Tuesday, March 27, 2012

webspotting 26 - the crisis

As published in the Apr/May 2012 issue of SCOPE, the newsletter of the RASC Toronto Centre. Republished here with permission.


I stumbled across the Dark Matter Crisis discussion bloggy site articles while searching for a simple and clear definition of dark matter. Ha! I had never before seen it worded that way per se, that we're experiencing a "crisis," but it struck me as appropriate. It really is a big problem for scientists and cosmologists. The overarching theme? None of the current theories are working well.

I don't pretend to have a valid theory. I wouldn't even know where to begin. But I cannot shake this inkling, this feeling, deep down, that our current beliefs, the whole approach, might be wrong. I have this inescapable feeling that we can't get there from here. I keep wondering if we need a rethink. To back up. Start again. Re-examine our data. Develop some new premises. 
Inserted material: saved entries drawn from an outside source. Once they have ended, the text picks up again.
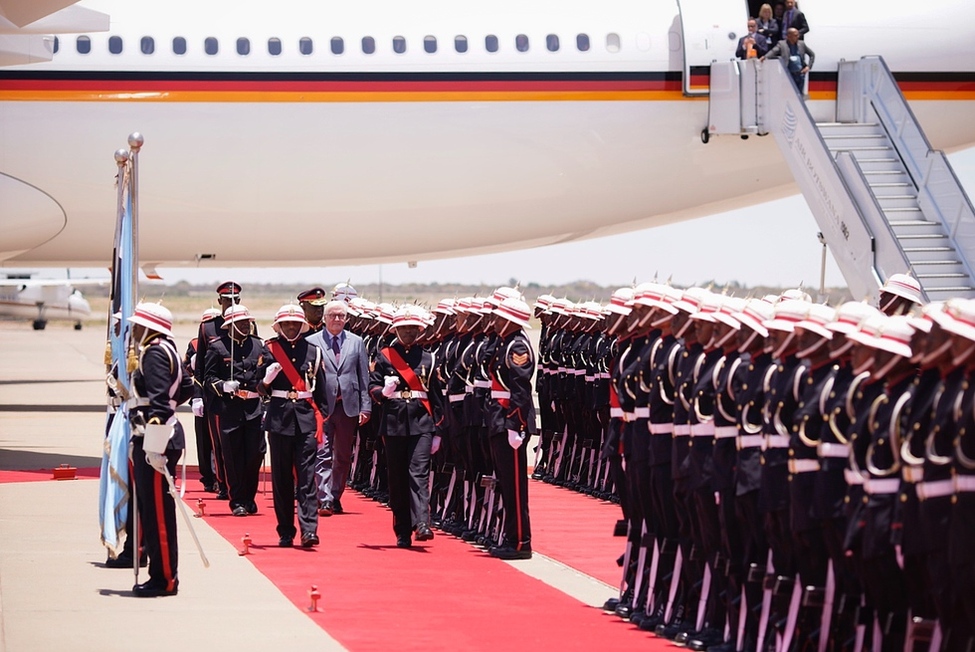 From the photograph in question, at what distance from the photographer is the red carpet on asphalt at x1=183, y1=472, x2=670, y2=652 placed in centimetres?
834

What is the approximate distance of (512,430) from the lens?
436 inches

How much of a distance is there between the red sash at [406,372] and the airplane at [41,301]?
46879mm

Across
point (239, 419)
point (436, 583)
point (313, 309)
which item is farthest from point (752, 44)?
point (436, 583)

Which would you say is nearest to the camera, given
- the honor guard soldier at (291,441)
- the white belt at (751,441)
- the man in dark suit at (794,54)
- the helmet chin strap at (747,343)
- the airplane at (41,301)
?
the white belt at (751,441)

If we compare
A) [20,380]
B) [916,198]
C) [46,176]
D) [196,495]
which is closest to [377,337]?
[196,495]

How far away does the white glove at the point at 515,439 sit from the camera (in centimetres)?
1101

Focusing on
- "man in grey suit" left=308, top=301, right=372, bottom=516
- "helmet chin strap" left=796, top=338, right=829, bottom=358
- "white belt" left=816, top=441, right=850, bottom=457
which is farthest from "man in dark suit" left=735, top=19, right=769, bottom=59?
"white belt" left=816, top=441, right=850, bottom=457

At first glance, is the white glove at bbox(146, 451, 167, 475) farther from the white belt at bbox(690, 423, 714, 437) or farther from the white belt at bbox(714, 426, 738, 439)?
the white belt at bbox(714, 426, 738, 439)

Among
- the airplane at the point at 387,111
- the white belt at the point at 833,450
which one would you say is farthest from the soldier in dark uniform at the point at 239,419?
the white belt at the point at 833,450

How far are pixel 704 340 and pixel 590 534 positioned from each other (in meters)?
4.12

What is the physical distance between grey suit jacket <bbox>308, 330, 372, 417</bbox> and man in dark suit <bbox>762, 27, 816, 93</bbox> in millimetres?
6814

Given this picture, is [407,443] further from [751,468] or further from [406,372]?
[751,468]

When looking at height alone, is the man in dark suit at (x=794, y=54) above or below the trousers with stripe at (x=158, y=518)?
above

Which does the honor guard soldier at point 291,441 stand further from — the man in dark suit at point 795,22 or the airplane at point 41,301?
the airplane at point 41,301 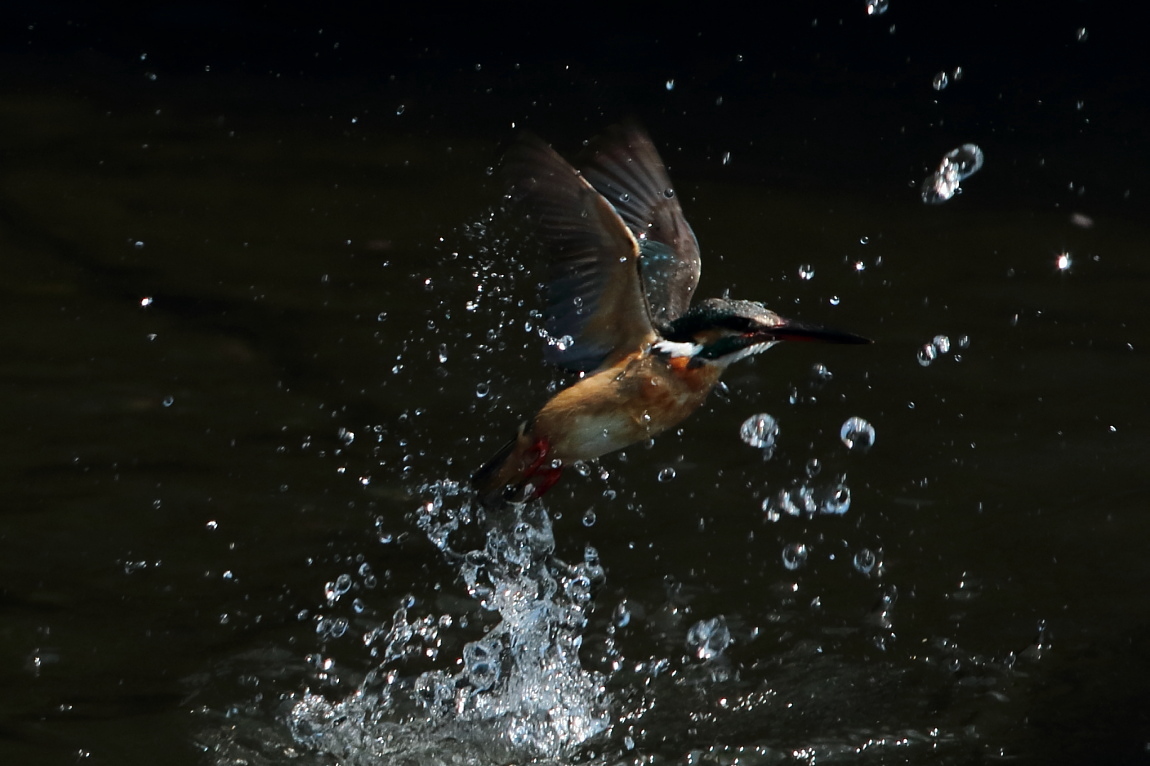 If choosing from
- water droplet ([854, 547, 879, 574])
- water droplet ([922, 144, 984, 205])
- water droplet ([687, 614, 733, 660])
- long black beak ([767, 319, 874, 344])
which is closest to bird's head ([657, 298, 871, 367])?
long black beak ([767, 319, 874, 344])

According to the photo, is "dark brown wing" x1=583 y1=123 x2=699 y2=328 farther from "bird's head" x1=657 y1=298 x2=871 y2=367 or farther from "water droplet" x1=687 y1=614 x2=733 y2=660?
"water droplet" x1=687 y1=614 x2=733 y2=660

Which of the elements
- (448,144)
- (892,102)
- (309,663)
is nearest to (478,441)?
(309,663)

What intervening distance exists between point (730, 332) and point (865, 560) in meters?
0.84

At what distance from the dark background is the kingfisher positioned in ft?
1.39

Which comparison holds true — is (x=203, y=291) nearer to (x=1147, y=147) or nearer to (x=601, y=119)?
(x=601, y=119)

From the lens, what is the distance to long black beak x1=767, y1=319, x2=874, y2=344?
311 cm

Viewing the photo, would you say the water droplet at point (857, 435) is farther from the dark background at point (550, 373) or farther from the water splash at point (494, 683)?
the water splash at point (494, 683)

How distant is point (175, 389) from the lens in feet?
14.3

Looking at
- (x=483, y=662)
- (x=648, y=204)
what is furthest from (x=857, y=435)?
(x=483, y=662)

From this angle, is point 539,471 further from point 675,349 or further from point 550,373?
point 550,373

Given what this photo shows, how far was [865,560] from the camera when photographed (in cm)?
369

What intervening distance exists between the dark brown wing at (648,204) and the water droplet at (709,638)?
81 cm

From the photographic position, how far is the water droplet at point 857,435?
4098 millimetres

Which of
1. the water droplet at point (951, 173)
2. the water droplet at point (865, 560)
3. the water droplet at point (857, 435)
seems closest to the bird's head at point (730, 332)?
the water droplet at point (865, 560) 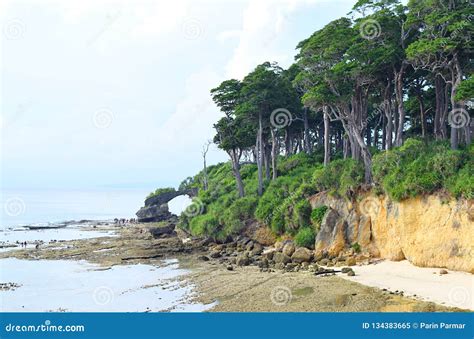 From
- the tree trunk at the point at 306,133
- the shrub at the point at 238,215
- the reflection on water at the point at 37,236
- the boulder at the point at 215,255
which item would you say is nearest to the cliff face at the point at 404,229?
the shrub at the point at 238,215

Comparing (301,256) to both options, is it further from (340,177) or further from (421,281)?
(421,281)

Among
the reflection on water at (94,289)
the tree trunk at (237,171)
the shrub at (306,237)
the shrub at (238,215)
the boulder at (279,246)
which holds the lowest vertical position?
the reflection on water at (94,289)

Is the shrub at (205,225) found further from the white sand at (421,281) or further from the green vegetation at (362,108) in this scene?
the white sand at (421,281)

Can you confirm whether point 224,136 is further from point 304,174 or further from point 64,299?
point 64,299

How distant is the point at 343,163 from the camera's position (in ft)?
102

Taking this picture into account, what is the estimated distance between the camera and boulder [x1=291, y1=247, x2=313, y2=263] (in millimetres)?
27781

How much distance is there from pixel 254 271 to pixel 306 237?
5201 millimetres

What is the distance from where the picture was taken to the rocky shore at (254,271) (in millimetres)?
18359

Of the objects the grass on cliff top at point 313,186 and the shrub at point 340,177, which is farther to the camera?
the shrub at point 340,177

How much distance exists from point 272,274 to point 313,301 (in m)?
6.40

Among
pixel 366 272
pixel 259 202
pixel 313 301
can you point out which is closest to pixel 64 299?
pixel 313 301

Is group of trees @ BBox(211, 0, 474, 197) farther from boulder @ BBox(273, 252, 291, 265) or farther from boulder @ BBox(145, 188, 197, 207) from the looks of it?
boulder @ BBox(145, 188, 197, 207)

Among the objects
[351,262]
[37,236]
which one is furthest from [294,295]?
[37,236]

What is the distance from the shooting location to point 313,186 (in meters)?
32.4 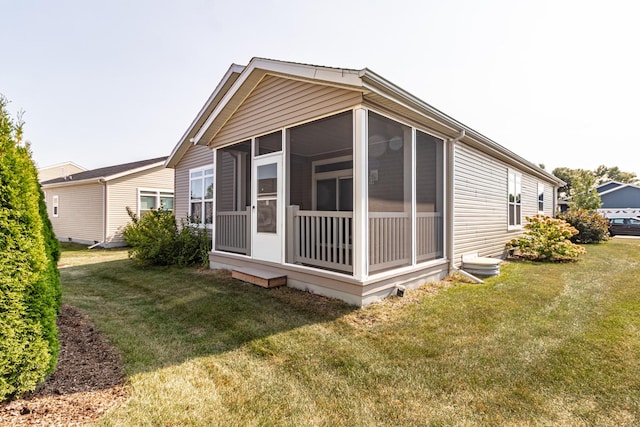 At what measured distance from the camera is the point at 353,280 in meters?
4.34

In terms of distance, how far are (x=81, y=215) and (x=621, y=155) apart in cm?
6003

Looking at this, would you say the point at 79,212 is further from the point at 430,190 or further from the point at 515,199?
the point at 515,199

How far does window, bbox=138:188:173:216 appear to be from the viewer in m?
14.2

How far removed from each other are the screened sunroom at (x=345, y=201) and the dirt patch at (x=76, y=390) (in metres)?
2.90

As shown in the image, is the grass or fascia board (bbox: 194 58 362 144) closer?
the grass

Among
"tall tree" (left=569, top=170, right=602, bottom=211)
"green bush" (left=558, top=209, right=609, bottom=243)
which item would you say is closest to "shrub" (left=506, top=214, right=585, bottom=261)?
"green bush" (left=558, top=209, right=609, bottom=243)

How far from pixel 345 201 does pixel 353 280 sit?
4.51m

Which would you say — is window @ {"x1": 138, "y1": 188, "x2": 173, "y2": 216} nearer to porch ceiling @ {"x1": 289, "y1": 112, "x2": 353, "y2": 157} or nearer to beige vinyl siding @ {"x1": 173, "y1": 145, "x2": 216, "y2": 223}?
beige vinyl siding @ {"x1": 173, "y1": 145, "x2": 216, "y2": 223}

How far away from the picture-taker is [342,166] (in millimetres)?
8703

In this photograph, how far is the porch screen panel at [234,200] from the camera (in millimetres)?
6708

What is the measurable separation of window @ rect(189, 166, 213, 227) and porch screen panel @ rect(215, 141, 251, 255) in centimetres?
88

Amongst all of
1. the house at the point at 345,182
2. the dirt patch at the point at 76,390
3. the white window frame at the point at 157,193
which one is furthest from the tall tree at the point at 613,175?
the dirt patch at the point at 76,390

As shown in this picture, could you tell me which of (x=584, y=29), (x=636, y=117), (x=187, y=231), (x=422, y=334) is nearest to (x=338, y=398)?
(x=422, y=334)

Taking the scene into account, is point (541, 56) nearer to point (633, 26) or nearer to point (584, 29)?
point (584, 29) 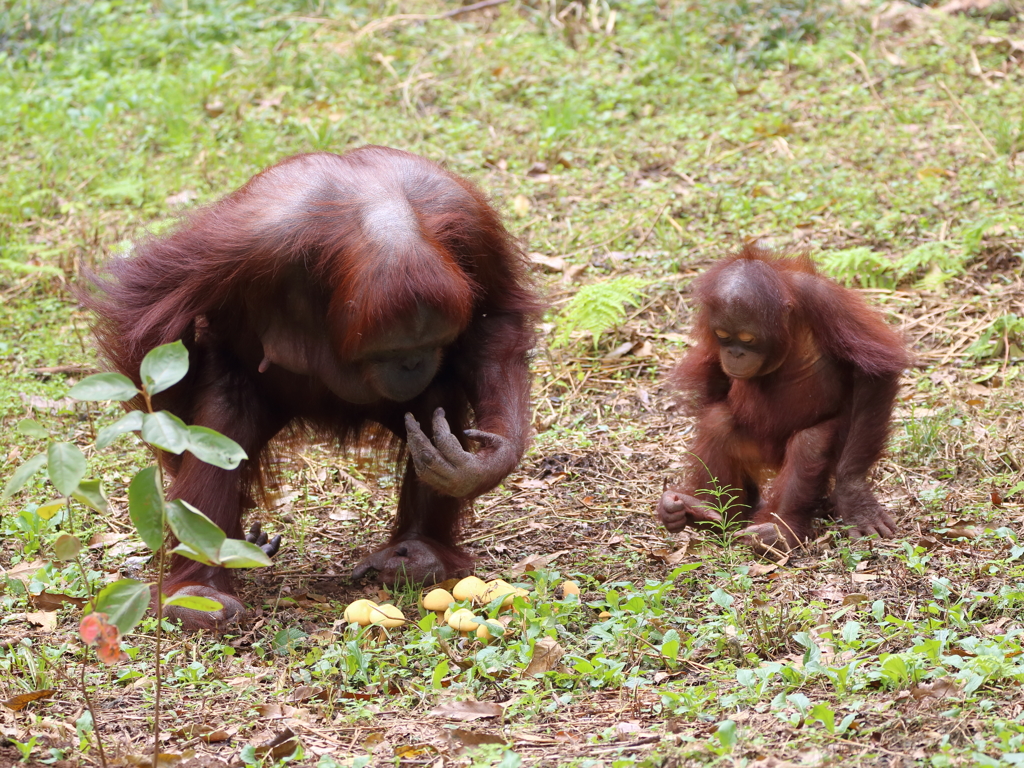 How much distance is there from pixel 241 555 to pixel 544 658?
100 cm

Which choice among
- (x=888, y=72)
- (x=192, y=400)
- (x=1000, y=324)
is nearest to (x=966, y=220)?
(x=1000, y=324)

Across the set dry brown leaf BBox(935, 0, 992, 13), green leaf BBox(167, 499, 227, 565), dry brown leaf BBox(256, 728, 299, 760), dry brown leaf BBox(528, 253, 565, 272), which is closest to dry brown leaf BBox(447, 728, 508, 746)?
dry brown leaf BBox(256, 728, 299, 760)

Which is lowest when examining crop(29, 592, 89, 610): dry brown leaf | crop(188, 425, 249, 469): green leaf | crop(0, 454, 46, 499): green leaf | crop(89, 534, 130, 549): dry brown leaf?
crop(89, 534, 130, 549): dry brown leaf

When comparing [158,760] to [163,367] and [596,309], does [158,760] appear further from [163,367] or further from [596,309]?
[596,309]

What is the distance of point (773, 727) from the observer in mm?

It also seems to me that a unified or common rule will apply. For a long time I've thought there's an eerie similarity to things microscopic and macroscopic. The eddies in a babbling stream remind me of huge spinning galaxies. The clumps and clusters of galaxy groups, connected by ethereal threads, remind me of the lattice trabecular structure inside our bones. Surely there's a simple way to describe all this, without dozens or hundreds of exceptions.

Actually, I myself might need to rethink the eddie-galaxy metaphor... It may not be a good fit. And therein lies one of the Great Mysteries. It has been observed for some time now that the material near the hub of a spiral galaxy is spinning at an angular (not linear) rate that matches the systems and stars and gas in the outer arms. This is the opposite of what generally happens in solar systems: inner planets orbit faster than outer. It was Kepler who revealed why and posited an elegant, simple mathematical theory for planetary motion. In a galaxy it's almost like the inner and outer sections are connected, like spokes on a bicycle wheel. The Band-Aid applied to our current theories is that there must be a big chunk of mass "locking" all this material together... But where is it? Why can’t we see it? Why can't we measure it?

I have to be careful here. It's tempting to explore this tantalising subject further but, obviously, it is a huge topic which would take hundreds of SCOPE articles to tackle!

Back to my main point. The theories, discussions, points, counter-points, arguments, observations (very limited observations), are fascinating to me. And when I find clear, lively, interesting discussions on these complex subjects, I'm all in. I've enjoyed reading criticisms of the Lambda-Cold Dark Matter during our long, dark winter evenings.